Affordable de novo generation of fish mitogenomes using
amplification-free enrichment of mitochondrial DNA and deep sequencing
of long fragments
Abstract
Biomonitoring surveys from environmental DNA make use of metabarcoding
tools to describe the community composition. These studies match their
sequencing results against public genomic databases to identify the
species. However, mitochondrial genomic reference data are yet
incomplete, only a few genes may be available, or the suitability of
existing sequence data is suboptimal for species level resolution. Here
we present a dedicated and cost-effective workflow with no DNA
amplification for generating complete fish mitogenomes for the purpose
of strengthening fish mitochondrial databases. Two different
long-fragment sequencing approaches using Oxford Nanopore sequencing
coupled with mitochondrial DNA enrichment were used. One where the
enrichment is achieved by preferential isolation of mitochondria
followed by DNA extraction and nuclear DNA depletion (‘mitoenrichment’).

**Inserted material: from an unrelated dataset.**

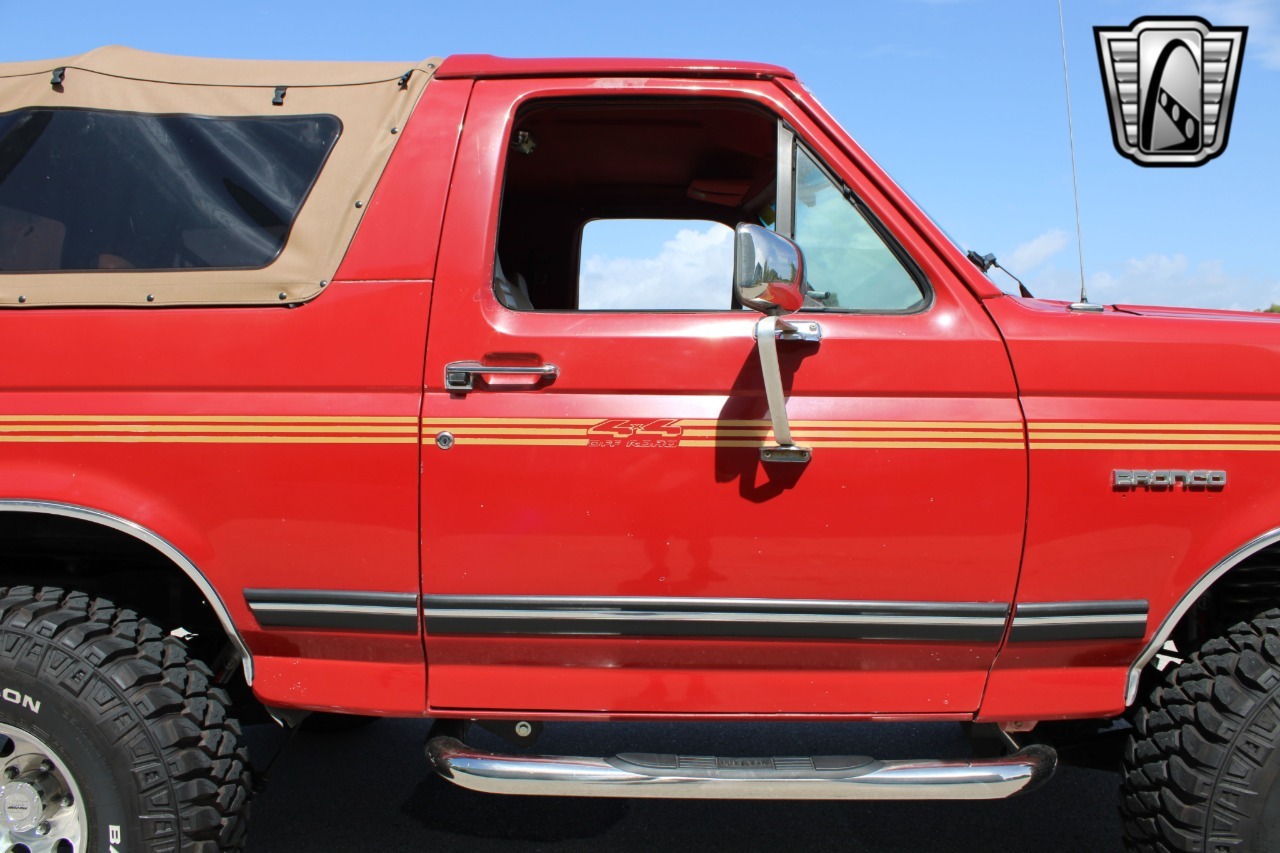 1989 Ford Bronco XLT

A second enrichment approach takes advantage of the CRISPR-Cas9 targeted
scission on previously dephosphorylated DNA (‘targeted mitosequencing’).
The sequencing results varied between tissue, species, and integrity of
the DNA. The mitoenrichment method yielded 0.17-12.33 % of sequences on
target and a mean coverage ranging from 74.9-805-fold. The targeted
mitosequencing experiment from native genomic DNA yielded 1.83-55 % of
sequences on target and a 38-2123-fold mean coverage. This helped
complete the mitogenome of species with homopolymeric regions, tandem
repeats and gene rearrangements. We demonstrate that deep sequencing of
long fragments of native fish DNA is possible, can be achieved with low
computational resources in a cost-effective manner, exceeding the
widespread genome skimming approach, and allowing the discovery of
mitogenomes of non-model or understudied fish taxa to a broad range of
laboratories worldwide.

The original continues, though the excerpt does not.